Realtime directory change...

classic Classic list List threaded Threaded
7 messages Options
Reply | Threaded
Open this post in threaded view
|

Realtime directory change...

escher2k
Hi,
  We currently use Lucene to do index user data every couple of hours - the index is completely rebuilt,
the old index is archived and the new one copied over to the directory. Example -

/bin/cp ${LOG_FILE} ${CRON_ROOT}/index/help/
/bin/rm -rf ${INDEX_ROOT}/archive/help.${DATE}
/bin/cp -R ${CRON_ROOT}/index/help ${INDEX_ROOT}/help.new
/bin/mv ${INDEX_ROOT}/help ${INDEX_ROOT}/archive/help.${DATE}
/bin/mv ${INDEX_ROOT}/help.new ${INDEX_ROOT}/help


This works fine since the index is retrieved every time from the disk. Is it possible to do the same with Solr ?
Assuming we also use caching to speed up the retrieval, is there a way to invalidate some/all caches when
this done ?

Thanks.
Reply | Threaded
Open this post in threaded view
|

Re: Realtime directory change...

Yonik Seeley-2
On 12/21/06, escher2k <[hidden email]> wrote:

> Hi,
>   We currently use Lucene to do index user data every couple of hours - the
> index is completely rebuilt,
> the old index is archived and the new one copied over to the directory.
>
> Example -
>
> /bin/cp ${LOG_FILE} ${CRON_ROOT}/index/help/
> /bin/rm -rf ${INDEX_ROOT}/archive/help.${DATE}
> /bin/cp -R ${CRON_ROOT}/index/help ${INDEX_ROOT}/help.new
> /bin/mv ${INDEX_ROOT}/help ${INDEX_ROOT}/archive/help.${DATE}
> /bin/mv ${INDEX_ROOT}/help.new ${INDEX_ROOT}/help
>
> This works fine since the index is retrieved every time from the disk. Is it
> possible to do the same with Solr ?

Yes, this will work.  This is sort of what the index distribution
scripts do to install a new index snapshot in a master/slave
configuration.

You also don't have to build in a different directory if you don't
want to.  Solr supports incremental updates.

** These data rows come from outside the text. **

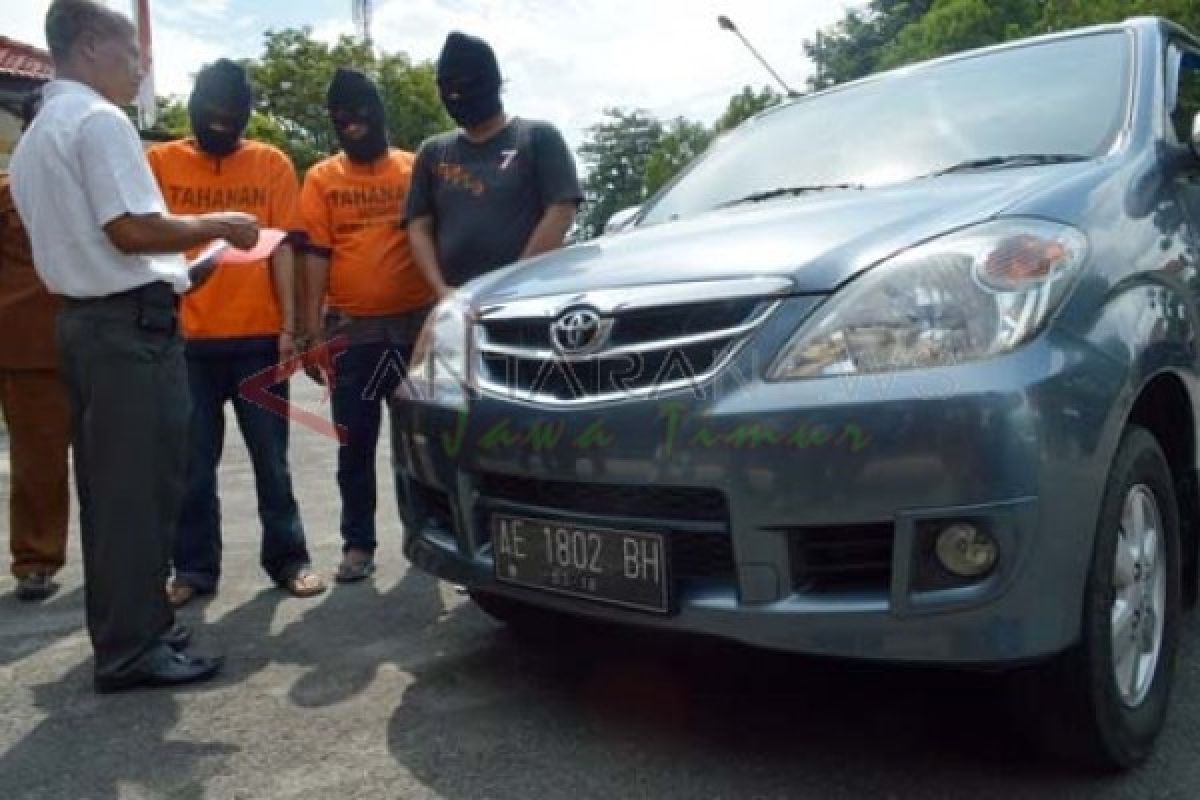 Polres Madiun Tangkap Pelaku Penggelapan Mobil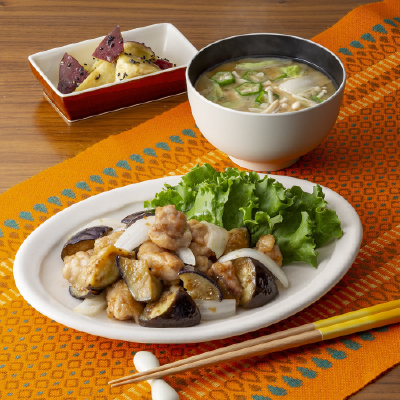 鶏肉と茄子のみぞれ炒め・えのきと白菜のみそ汁・レンジおさつのごまがらめ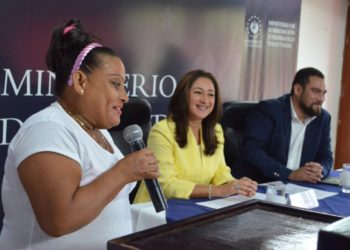 Veteranos de FAES y excombatientes de la guerrilla son beneficiados con certificados de vivienda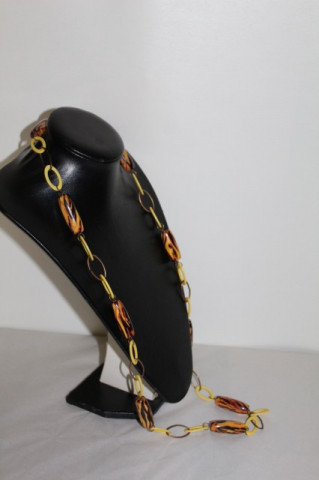 Colier galben animal print anii 60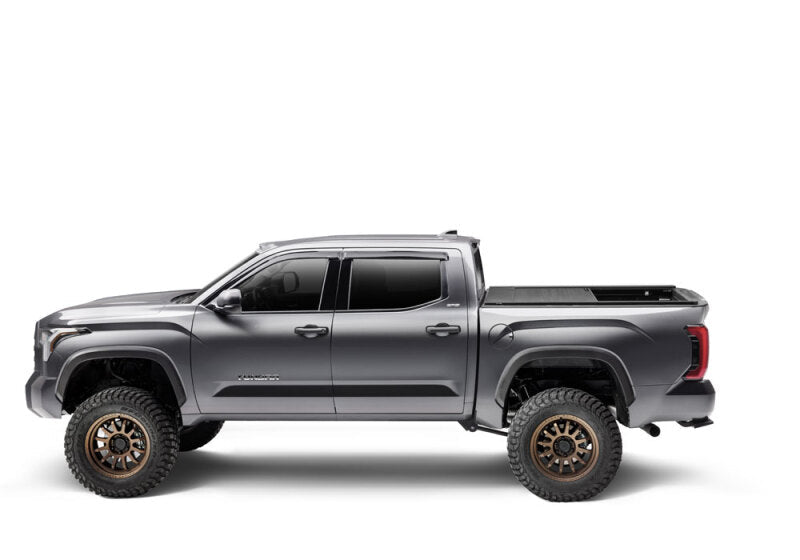 Retrax EQ Bed Cover | Chevrolet Silverado 2500HD/3500HD / GMC Sierra 2500HD/3500HD (20-26) (EQ0484-1) Tonneau Covers offroad accessory | Iron Ridge Offroad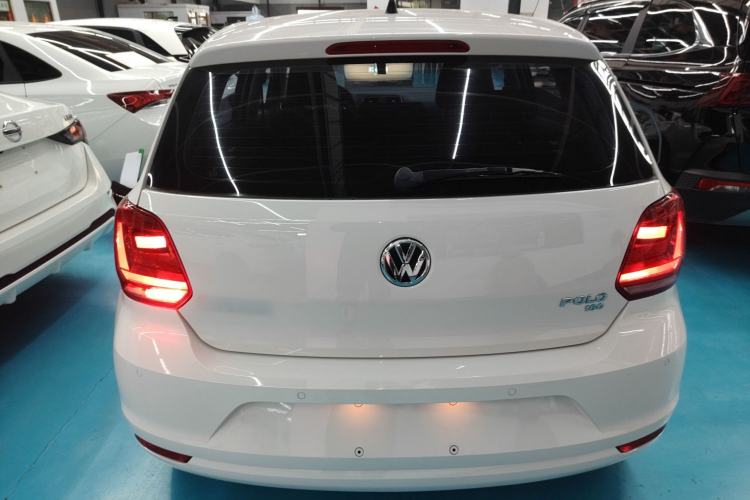 Used Volkswagen Polo 2016 1.6L Automatic Comfort Model
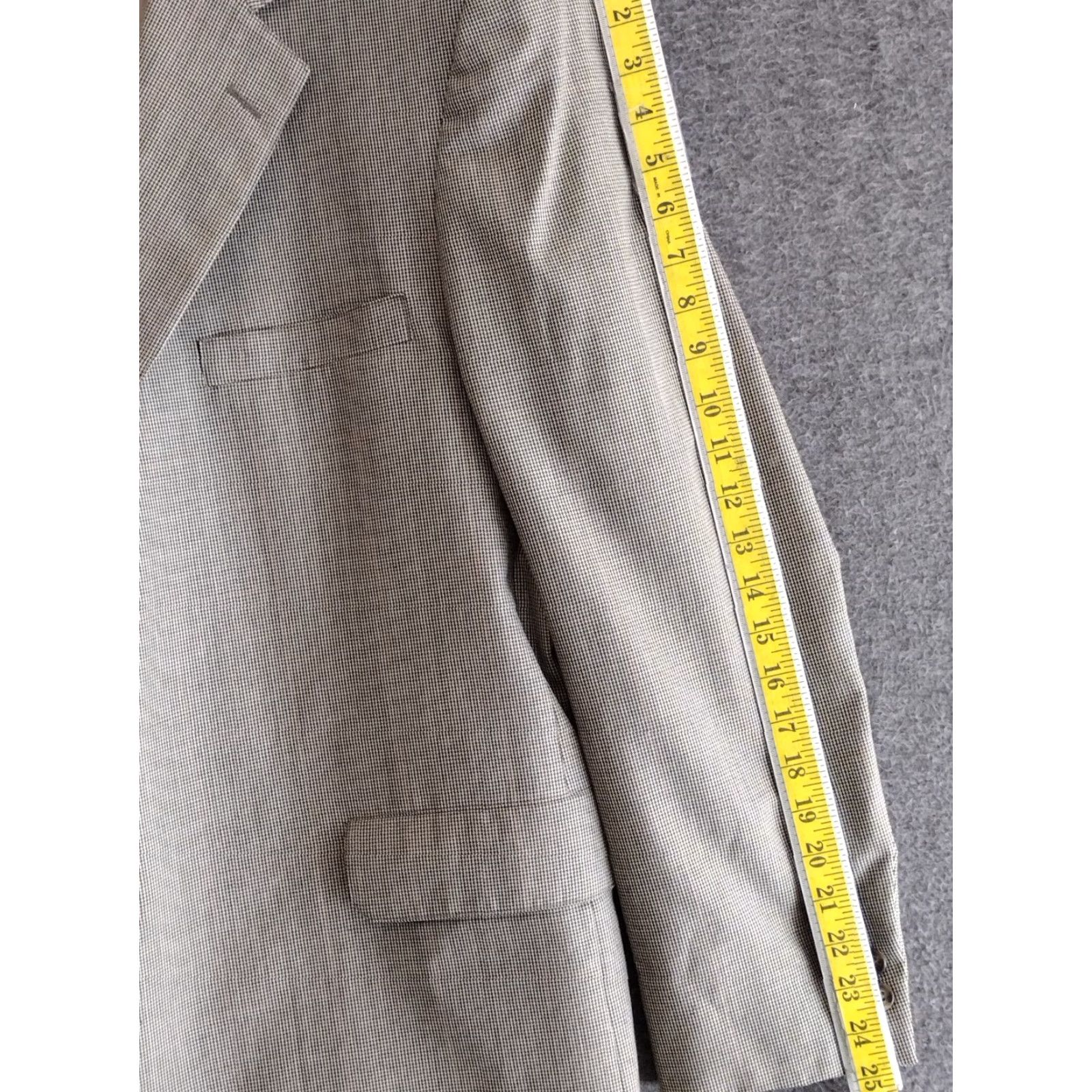 Vintage VINTAGE Blazer Mens 3 Button Suit Jacket Sport Coat 42 Chest 42 Solid Wool Blended Fabric Light Gray Notch Lapel Regular Fit Single-Breasted 90s Mens Size 42R - 5 Thumbnail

> Assuming we also use caching to speed up the retrieval, is there a way to
> invalidate some/all caches when
> this done ?

It's done automatically.  You will need to issue a <commit/> to solr
to get it to read the new index (open a new searcher), and new caches
will be associated with that new searcher.

-Yonik
Reply | Threaded
Open this post in threaded view
|

Re: Realtime directory change...

escher2k
Thanks. The problem is, it is not easy to do an incremental update on the data set.
In which case, I guess the index needs to be created in a different path and we need to move
files around. However, since the documents are added over HTTP, how does one even create
the index in a different path on the same machine while the application is still running ?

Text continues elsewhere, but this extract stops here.